30/11/2022
What I Learnt
I learnt about Big Data structures within companies. Such as the use of Data Warehouses and Data Lakes, programming platforms, environment setup, containerization of programs, importance of clear communication between Data Scientists and non-tech savy people. I also learnt will creating my model, common issues when training and testing models.
Data Structures Within Corporations
Based on my short experience during work experience I learnt that data is tracked and placed into a storage server of some sort and depending on the companies there may be a couple of them or there may be one. Then Data Scientists code and define models on another machine using a variety of IDEs like, JupyterLab, Visual Code Studio and even Neovim. Often on large scale server, useful for later, using their IDE of choice they code and define a model. They test it with a local sample that they have acquired, to reduce load on the Big Data platform, once they have tested that their code works they let get data from the Big Data platform and then proceed to train their model using the power of the server on which they are coding on. Using the server their models are able to train faster than on a conventional computer.

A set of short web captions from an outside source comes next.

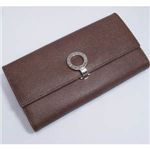 BVLGARI(uK)@#23302 Woman wallet 8 CC with internal zip and clip Grain leather dark brown/P.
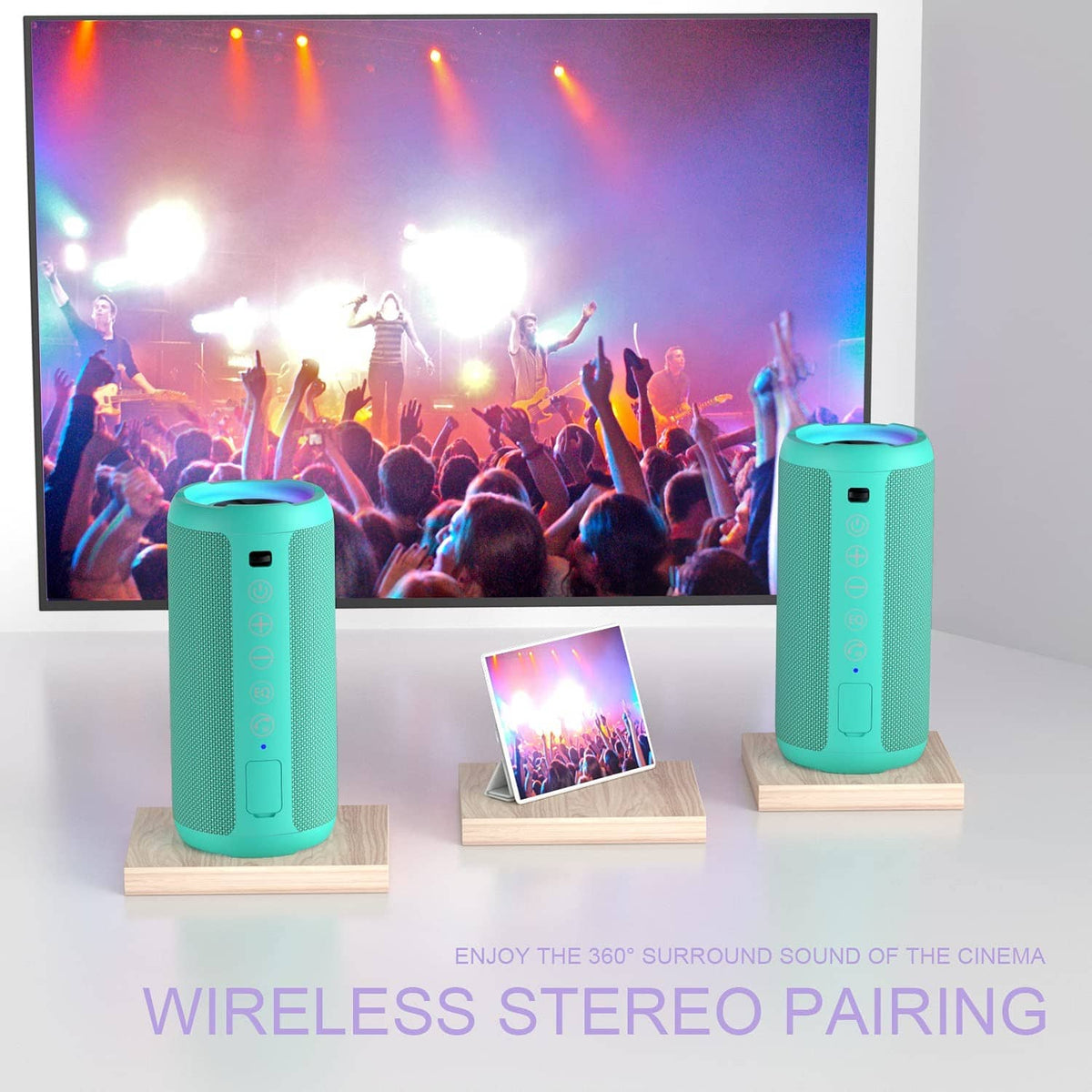 Two teal wireless Bluetooth speakers on stands with glowing rings near a TV screen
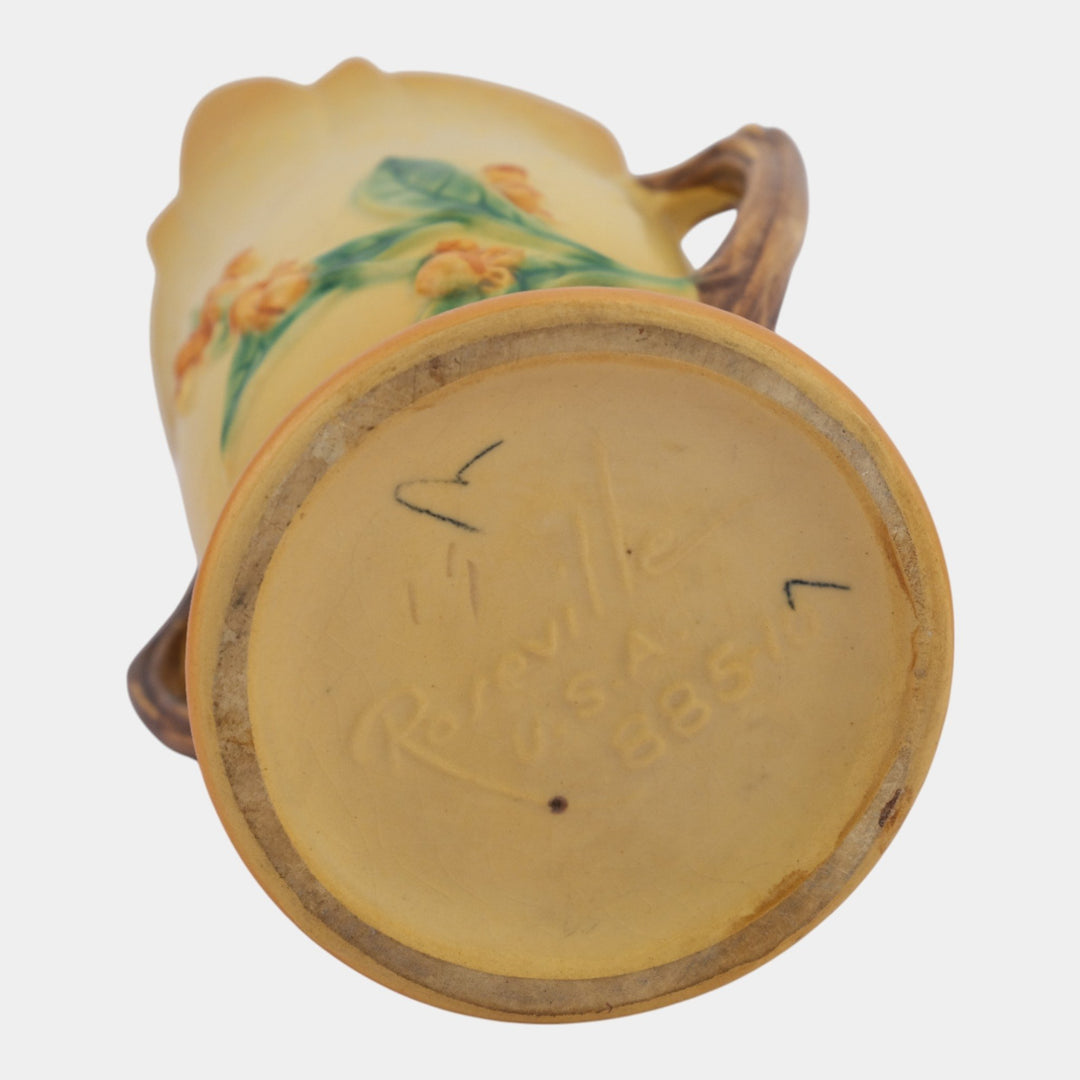 Roseville Bittersweet Yellow 1951 Vintage Mid Century Modern Pottery Vase 885-10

Although depending on the server and size of the dataset used, some issues can arise when working with large datasets. For example if your dataset is larger than the memory on the computer you are training on or larger than the allowed quota, the preprocessing of the data can take extraordinary amount of time as the server will need to modify a part then write it to swap and repeat until it all done. This can result in a lot of wasted CPU cycles and time. Therefore systems such as Spark are used.
What is Apache Spark
Apache Spark is a program that allows several computers to join together Memory and CPU cores to allow for the mass processing of data across machines. Each machine, Node as they are referred to by Apache, stores a part of the dataset in memory and machine connected to it tells the cluster manager to do something to the data, which then tells all the nodes to do the operation. Programs can communicate to Spark in a variety of ways, being through Python, R, Scala or Java. This allows the pre-training code run faster and more effectively. Once all the transformations are performed on the data the Program/Application receives the output which it will use for training.
What Other Systems are in Place
Another Extremely popular system in Australia is from a company called H20. H2O have created a platform on which you can give it data and it will create rudimentary models with extremely high accuracy.
My Model
During my time I created a credit fraud model to detect instances of fraud.
I experienced issues with overfitting where in most cases is would just say there were no cases of fraud, and while this provided a high accuracy is barely managed to pick out 50% of fraud cases making it a relatively poor model for detecting the cases of fraud. Features in the model such as time of the transaction (unix_time), age, city population, latitude and longitude were important features within the model.